By then, the agency had a peer support program in place. Two APD employees, Officers Sarah Shirvany and Flora Palma, reached out to him. Dedmon also had met Williams before he quit.
“For them to show they cared gave me a lot of hope that I could be healthy again,” Dedmon recalled. “I was totally exhausted and depleted. My life serves as example that peer support in public-safety agencies is not only needed, but it works.”
He credits Shirvany, Palma and Williams for rescuing him from a path of self-destruction.
“They saved my life,” Dedmon said. “I am forever in their debt.”
Dedmon’s APD colleagues were shocked that he resigned; he had been the hardworking dispatcher who could handle anything thrown his way.
Or so it seemed.
In reality, Dedmon had acute stress disorder and PTSD, according to counselors he saw for about a year. Therapy, including a technique that helps a person reprocess his or feelings about a traumatic incident, worked wonders and today Dedmon, now 34, is healthy.
“At some point you have to open the closet to deal with the years and years of stuff you’ve been piling away in it,” Dedmon said of therapy. “At some point you have to clean your closet.”
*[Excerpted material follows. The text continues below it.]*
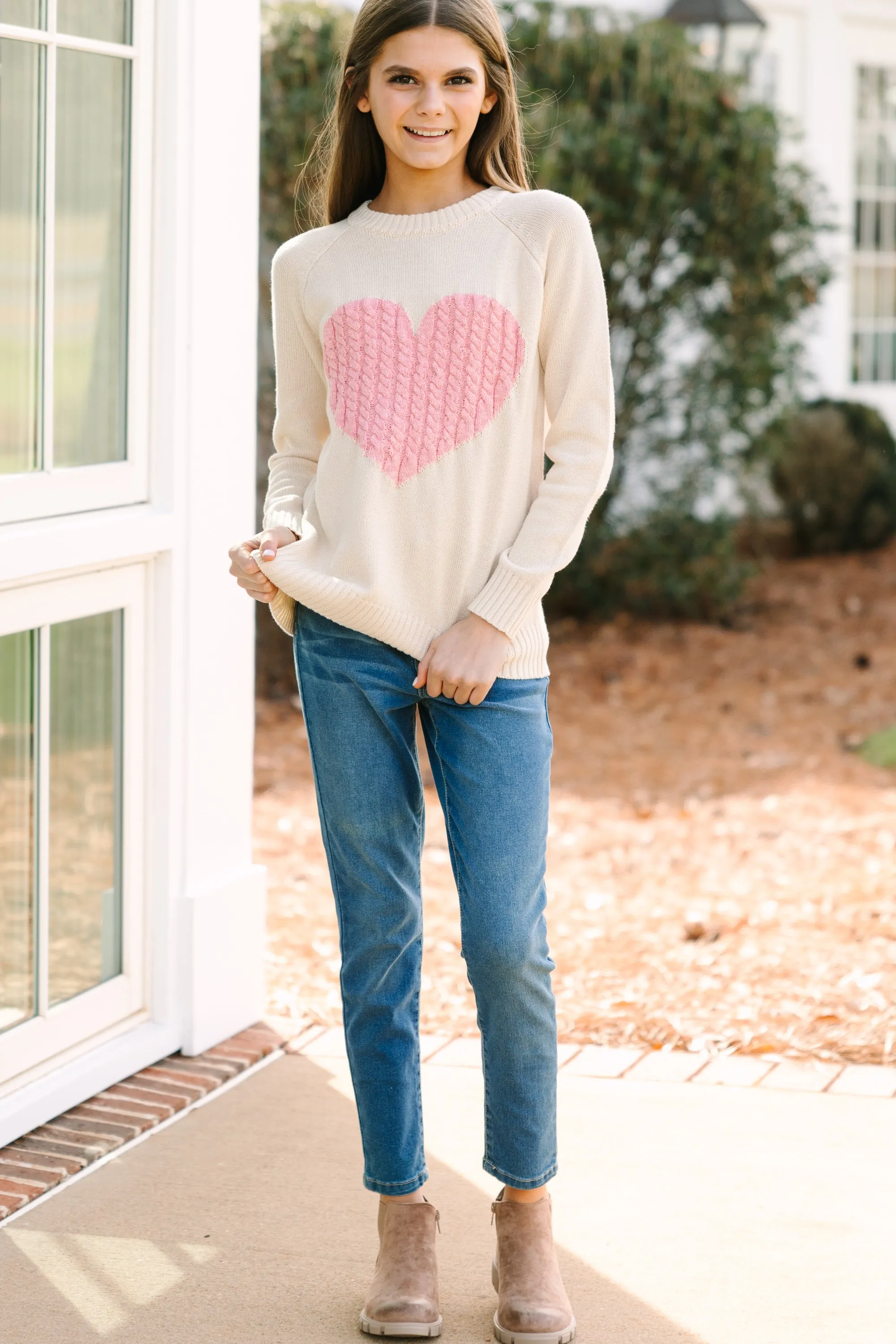 Girls: All For Love Oatmeal and Pink Heart Sweater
Dedmon advocates a healthy balance between work and personal life for anyone and particularly for first responders such as police officers, dispatchers and firefighters.
To that end, he founded a blog, Operation 10-8 (operationt8.com), that honors first responders through recognition and education. Dedmon also volunteers for Project 999 as well as for the 911 Wellness Foundation. In addition, he’s an adjunct instructor for Golden West College’s Criminal Justice Training Center.
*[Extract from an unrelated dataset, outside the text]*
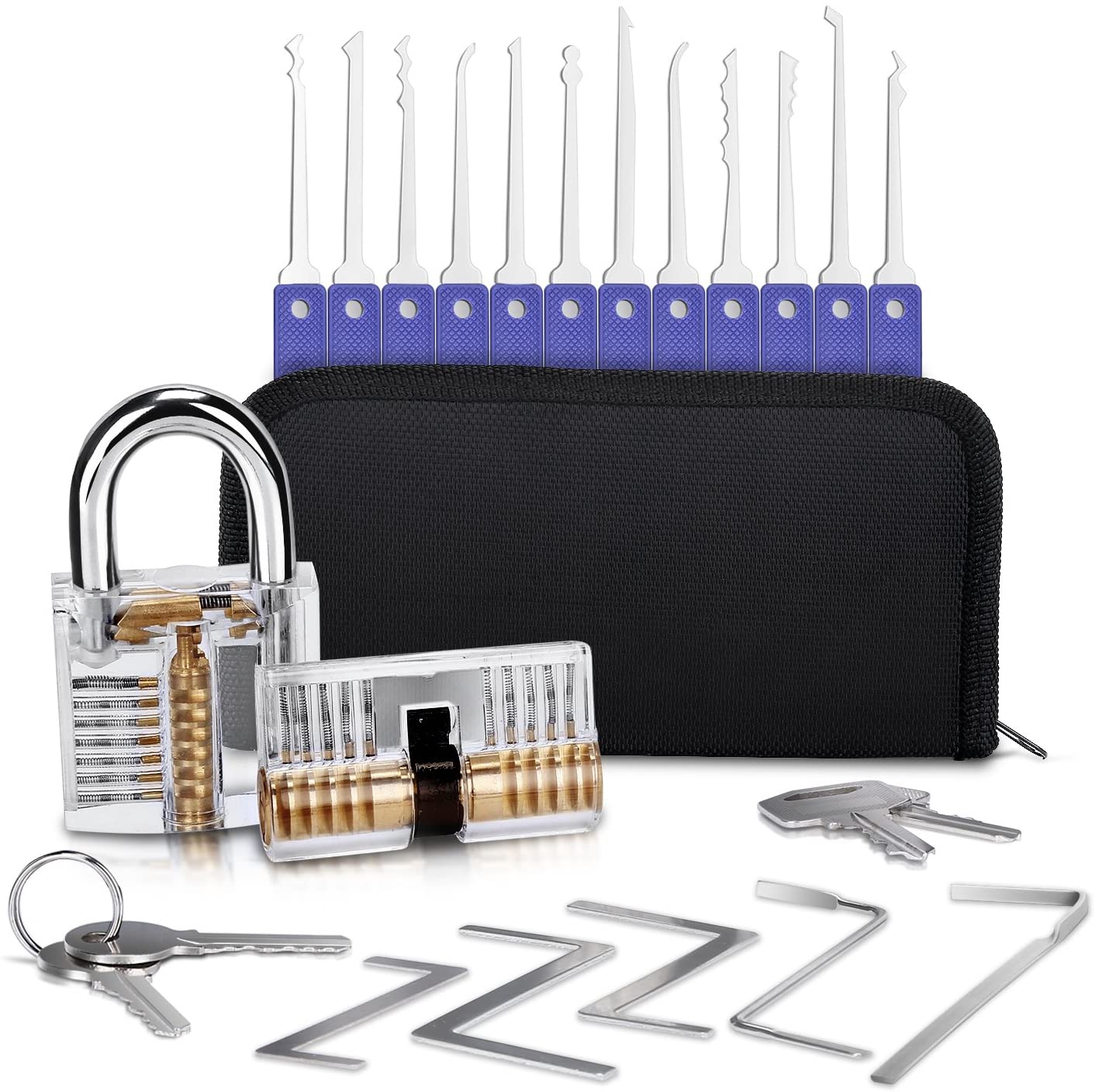 31 Pieces Lock Pick Set w/2 Transparent Training Lock,24 PCS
Dedmon, who lives in Santa Ana, currently makes ends meet driving limos. But he’s itching to get back into the work he loves — police dispatching. Dedmon knows he’s much better equipped this time to cope with the stresses of the job. And he gives a lot of credit to peer support programs such as the one at the Anaheim PD.
“It’s imperative that (police officers and other first responders) understand that asking for help takes an enormous amount of strength and should no longer be looked at as failure or weakness,” Williams said.
As Dedmon put it:
“It’s OK to work in this profession and hurt. It doesn’t mean you’re any less of a warrior.”